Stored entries
□ □ □ □ □ □ □

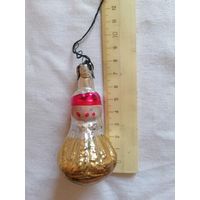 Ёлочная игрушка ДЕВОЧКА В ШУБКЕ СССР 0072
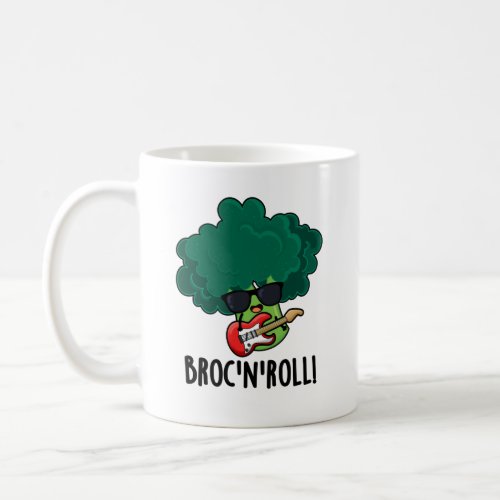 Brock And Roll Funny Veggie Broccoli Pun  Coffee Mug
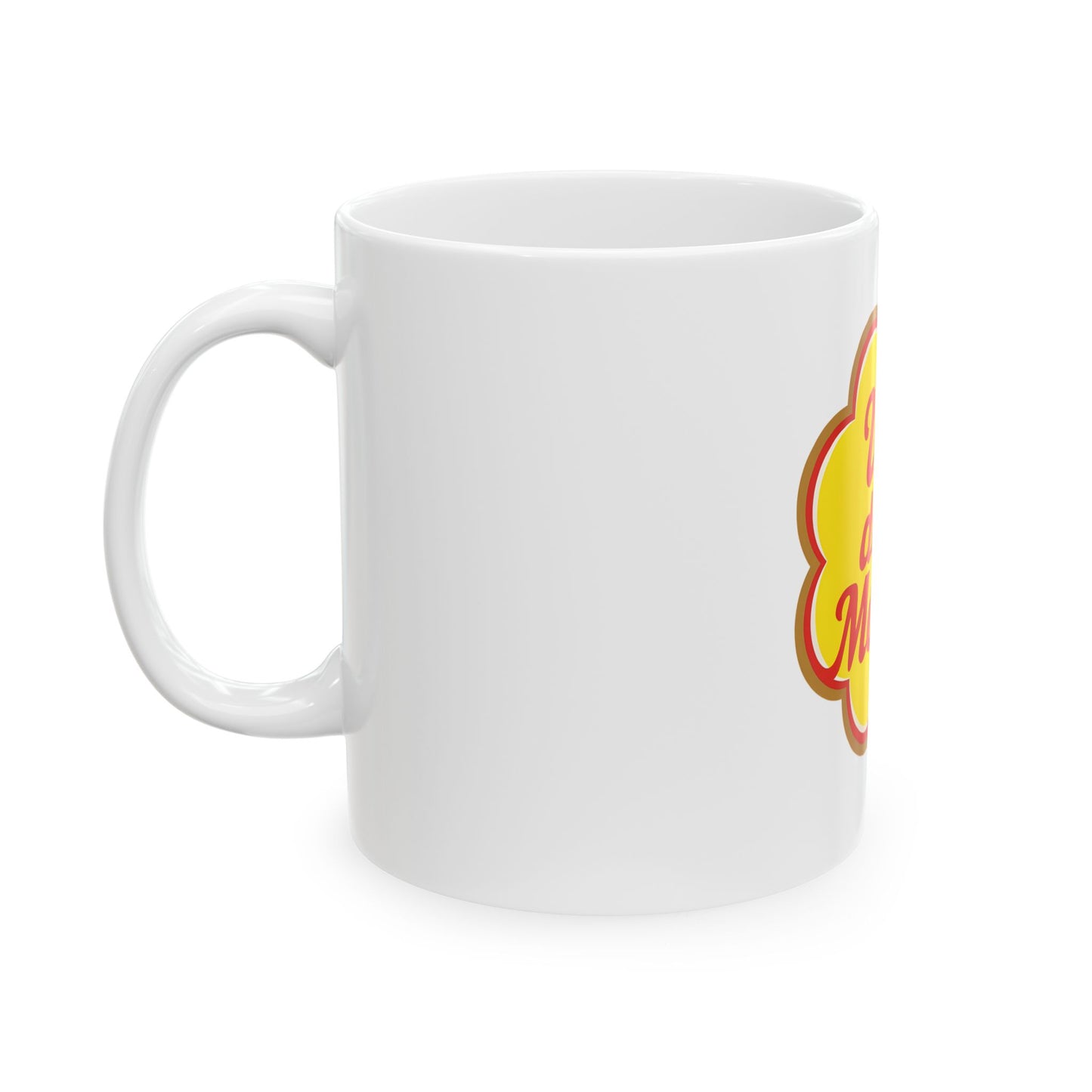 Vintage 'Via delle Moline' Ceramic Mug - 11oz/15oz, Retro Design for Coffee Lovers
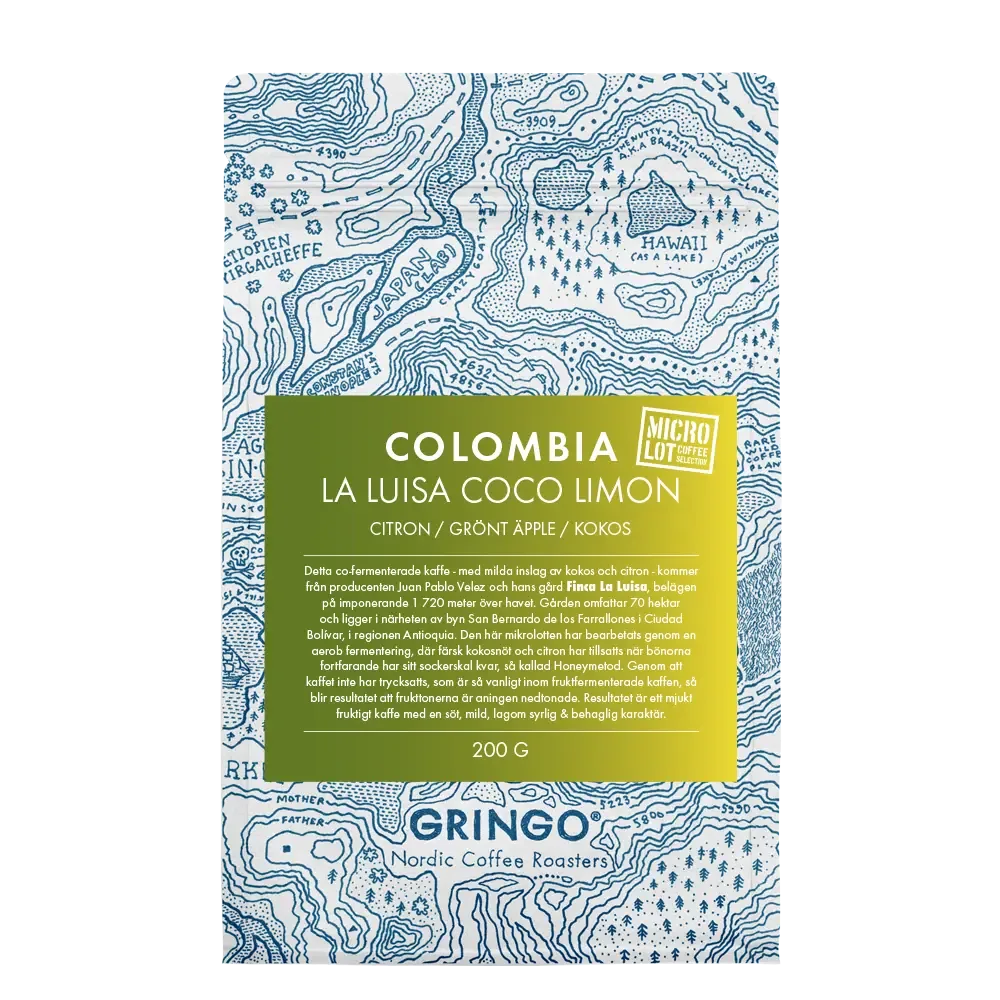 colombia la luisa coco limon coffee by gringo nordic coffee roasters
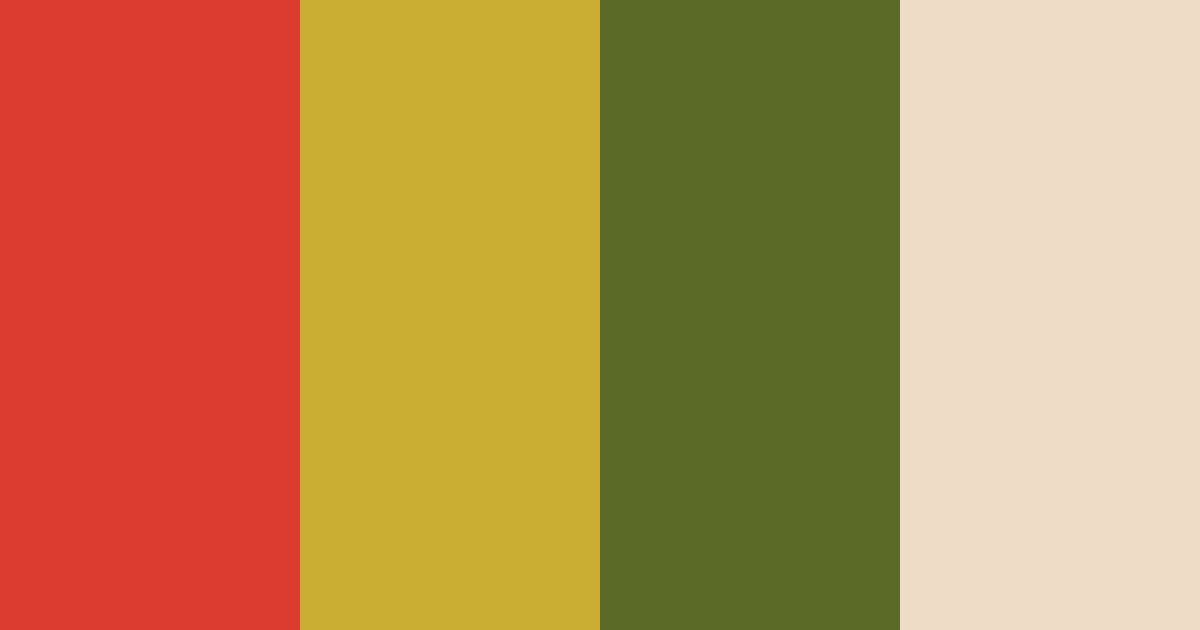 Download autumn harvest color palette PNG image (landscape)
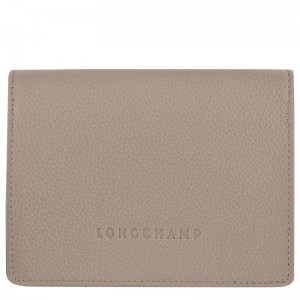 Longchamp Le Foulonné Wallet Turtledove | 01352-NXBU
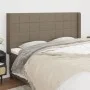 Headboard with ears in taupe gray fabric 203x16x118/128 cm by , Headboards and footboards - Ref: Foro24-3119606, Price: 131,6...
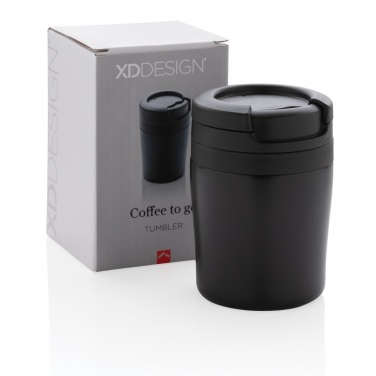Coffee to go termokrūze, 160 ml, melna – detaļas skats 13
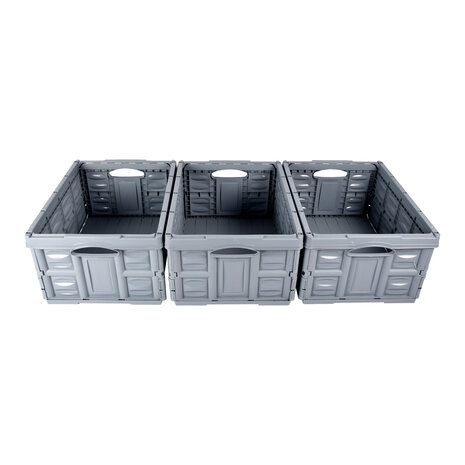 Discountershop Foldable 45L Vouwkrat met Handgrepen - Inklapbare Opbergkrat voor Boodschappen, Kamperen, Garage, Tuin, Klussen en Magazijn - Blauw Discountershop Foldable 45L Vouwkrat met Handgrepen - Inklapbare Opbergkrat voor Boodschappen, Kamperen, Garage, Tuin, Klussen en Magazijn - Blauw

□ □ □ □ □ □ □

- _WHAT NEEDS TO BE DONE_: In the records above, find the line with "Longchamp Le Foulonné" and the line with "Coffee to go". Write out exactly those lines and every one between, with no pictures and no other lines.

- _REPLY_:
 Longchamp Le Foulonné Wallet Turtledove | 01352-NXBU
 Headboard with ears in taupe gray fabric 203x16x118/128 cm by , Headboards and footboards - Ref: Foro24-3119606, Price: 131,6...
Coffee to go termokrūze, 160 ml, melna – detaļas skats 13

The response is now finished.